La clé de l’église

On m’a confié la clé de l’église. J’aurais aimé écrire « les clés », mais il n’y en a qu’une. Une toute petite église, veillant sur un tout petit village, mais une lourde clé de fer forgée. Je ne sais pas grand-chose de l’édifice sinon qu’il se situe littéralement à deux pas de chez nous, qu’on y célèbre, m’a-t-on dit, une messe et une seule, chaque été au 15 août, qu’une chorale s’y produit parfois, et qu’elle demeure fraîche même quand la chaleur, comme ces dernières semaines, écrase le village, brûlant les vivants et les morts, les plantes et les murs de pierre blanche. Chaque matin, au réveil, après le petit-déjeuner, j’ouvre à l’aide de la clé les deux battants de bois, et chaque soir, à la tombée du jour, je les referme. Dans l’après-midi, je m’y installe une petite heure, quand j’ai besoin de faire le tri dans mes idées : je vais m’asseoir sur un banc, sous la chaire, et griffonne sur des feuilles à grand format quelques notes concernant mes travaux en cours sous le regard pétrifié des statues.
 
Mon amie plaisante à ce sujet en me faisant remarquer que j’ai finalement trouvé un emploi, et elle songe en disant cela à Jeannette, qui, à l’époque où nous habitions une petite ville du Cantal, avait en charge l’ouverture et la fermeture des portes de l’église.

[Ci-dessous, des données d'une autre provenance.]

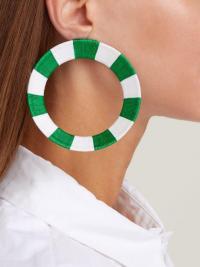 MARYJANE CLAVEROL Celene green and white striped hoop earrings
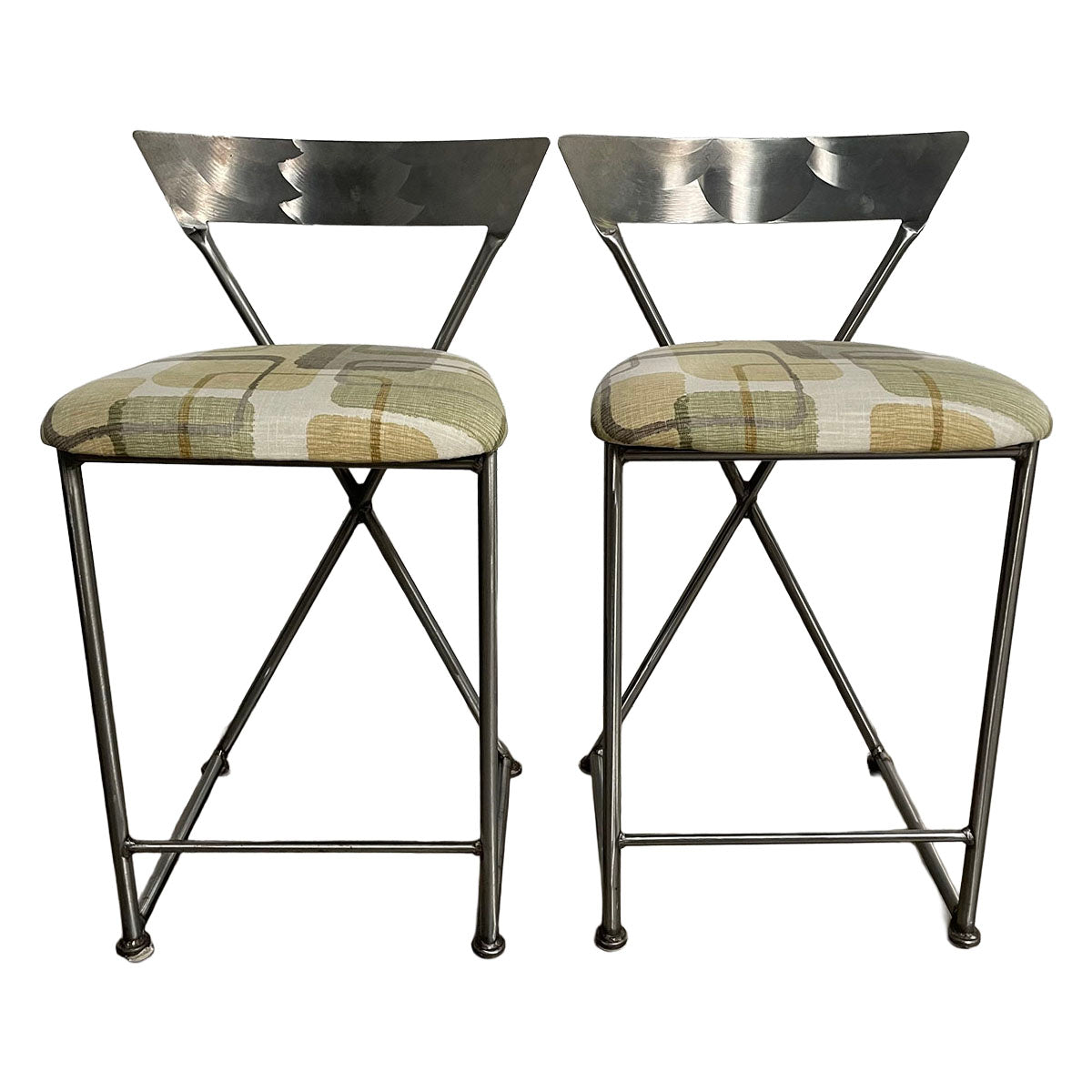 Pair of Metal Counter Stools with Upholstered Seats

Toutefois, son église à elle avait plutôt l’allure d’une cathédrale, alors que la mienne mérite au mieux, si l’on s’en tient aux dimensions, le titre de chapelle. Jeannette y faisait aussi un peu de ménage, secondant le sacristain, rangeait et disposait les chaises et les agenouilloirs pour l’office du dimanche, et le reste du temps, promenait son chien dans les ruelles où nous ne manquions pas, plusieurs fois par jour, de nous croiser, car j’ai aussi un chien, que je promène tout autant qu’elle. On bavardait un peu : le temps qu’il fait d’abord, quelques ragots dont elle faisait son miel, un film qu’elle avait vu au cinéma, car elle prenait à cœur d’aller au cinéma et au restaurant une fois par semaine malgré ses modestes revenus. Une petite vieille édentée, qui n’avais pas sa langue dans sa poche et avait épuisé nombre d’évêques et de curés depuis qu’elle avait été choisie pour cette tâche.
 
Me voici donc dans ma petite église, que personne ne visite jamais. Sur l’autel, quelques fleurs de tissu éternelles, et derrière le chœur, dans la sacristie, un large bouquet de tournesols qui, faits de la même étoffe, ne périront pas de sitôt. Des statues de plâtre bariolées avec des dorures condamnées à soutenir pour toujours le même regard figé, jusqu’à ce qu’elles s’effondrent, pour une raison ou pour une autre, et retournent à la poussière. Sur le lutrin, les pages ouvertes d’un grand livre de psaumes, pages qui sans doute n’ont pas été tournées depuis le 15 août de l’an dernier, ça fera bientôt un an. Les couleurs du retable s’effaceront plus rapidement sans doute, mais le marbre sur lequel il repose semble indestructible. Un des vitraux est brisé aux pieds de Saint Georges – ce qui ne l’empêchera pas de triompher ad vitam eternam du dragon, et l’harmonium tombe en ruines. Dans une des chapelles latérales, une petite Vierge noire et l’enfant Jésus, noir également. Un confessionnal en assez bon état, avec encore un coussin violet à la place du confesseur.
 
Bizarrement, je me prends d’affection pour cet édifice solitaire et oublié, et, en lui rendant visite trois fois dans la journée, pour ouvrir, méditer un peu, puis, fermer, j’ai le sentiment de le sortir un peu de cette gangue d’éternité dans lequel il est en quelque sorte piégé. Je rétablis un semblant de rythme, une ébauche timide de ritualisation, un ersatz de vie. Comme si j’avais la charge d’une très vieille personne abandonnée de tous ses proches, une vieille personne silencieuse, mais plus solide sans doute que tout ce qui dehors s’agite, s’élève et se délite, plus réelle d’une certaine façon, parfaitement indifférente à l’atmosphère du fin du monde qui berce l’époque, le témoin muet d’une très ancienne culture disparue, ou, si l’on préfère, d’un monde perdu. Cela m’occupe un peu sans doute, me donne aussi quelques devoirs, et qu’importe à vrai dire mon anti-cléricalisme foncier, j’ai toujours aimé saluer les chapelles de village, étudier les modillons, rêvasser un moment assis sur les bancs austères et inconfortables.